Calypso Theme Waterpark is a waterpark located in Limoges, Ontario, Canada, about  east of Ottawa. The park opened to the public on June 7, 2010.

The park features 35 waterslides, a wave pool (the largest in Canada) and two lazy rivers as well as a food outlets, shops, picnic areas, and a VIP area with private cabanas and suites.
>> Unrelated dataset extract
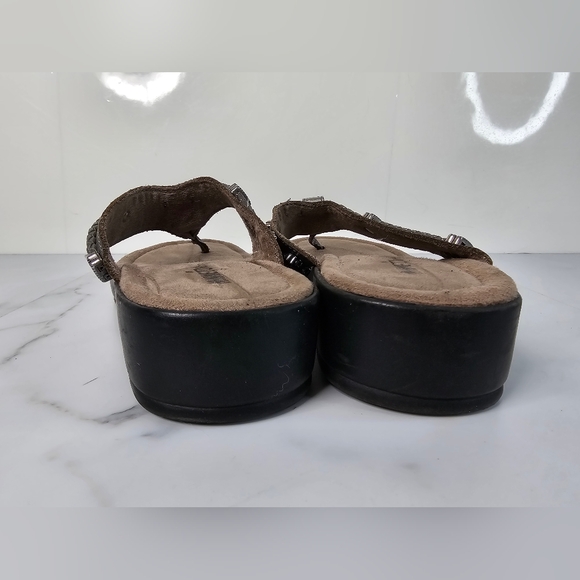 Minnetonka Silverthorne Sandals Pewter Leather Southwestern Metallic Silver 6 - Picture 6 of 9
The park can accommodate 22,000 visitors per day. On average, the park receives 400,000 visitors each season.

Attractions 
 Accelerators; 4 tube slides
 Blue Rocket
 Orange Bobsleigh
 Stroboscope
 Toboggan Alley
 Adrenaline; a speed slide.
 Aqualoops; 2 AquaLoop slides
 Blackhole; a tube slide.
 Boomerango; a half-pipe rafting slide.
 Calypso Palace; a wave pool.
 Canyon Rafting; a rafting slide.
 Family Twisters; 4 body slides
 Aquashake
 Mellow Yellow
 Pigtail
 Twist & Shout
 Fast Track; a multi-lane racer slide.
 Funtana; a splash pad.
 Jungle Challenge; an obstacle course.
 Jungle Run; a lazy river.
 Kongo Expedition; a lazy river.
 Pirate's Aquaplay; a water play structure.
 Turbo Lab; 4 bowl slides.
 Acid Test; tube slide
 Frosty Drop; body slide
 Hot Dip; body slide
 Steamer; tube slide
 Turbulence; a tube slide.
 Vertigo; a speed slide.
 Zoo Lagoon; a children's play area with small slides.
 Zoomerang; a half-pipe tube slide.

Safety violations
During a one-month period in the summer of 2011, there were 10 injuries on Steamer, two of which resulted in spinal injuries. In all cases, the park failed to shut down the ride and did not report the incidents until the end of the season in September.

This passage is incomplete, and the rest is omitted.